Vrettos' Skin/Censorship

There has been a lot of discussion in the local papers about censorship. A local high school had The Lovely Bones and The Curious Incident of the Dog at Night on the recommended reading list. A parent complained; they were taken off. More parents complained. Since I am rather sensitive to bad language in books, this has caused me to think even more.

I have decided that one of the big motivating factors for me is MONEY. I can only afford to buy so many books. I can't buy everything. So if there is a book with a lot of bad language, chances are good that there is another equally good book out there that doesn't have it. I will choose that one. Such is the case with Vrettos' Skin. A very compelling story of a boy whose sister struggles with(and loses to)anorexia. Would this book circulate well in my library. Yes. Any title about anorexia does (notable exception The Bigger Book of Lydia, which is just weird.). Since Skin uses the f-word more times than I can count, I really don't need it. I have no problem with the public library having it-- they can afford to buy more than I can.
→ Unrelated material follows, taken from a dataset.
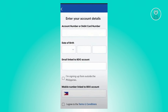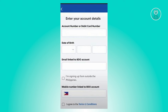Once you've chosen the appropriate option, it's going to ask you to enter the following details: your account number or debit card number, your date of birth, the email linked to your BDO account, and the mobile number you want to use. You also need to agree to the data privacy and terms and conditions, and make sure to specify if you're signing up from outside the Philippines.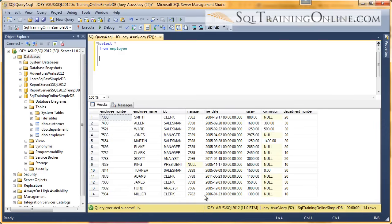Hey, Joey Blue here, and I want to tell you a little bit about the average function inside the SQL language.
Now, that said, there are books that are so compelling that I excuse the language. Volponi's Black and White is the prime example here. But in the case of Skin, the language was gratuitous. There was really no point. I think that using obscenities repeatedly is the sign of someone who is lazy in his writing.

There is also the school of thought that says that the books students read in school should reflect our expectations for their writing. We wouldn't allow language like this anywhere in the school. Why should it be in the books?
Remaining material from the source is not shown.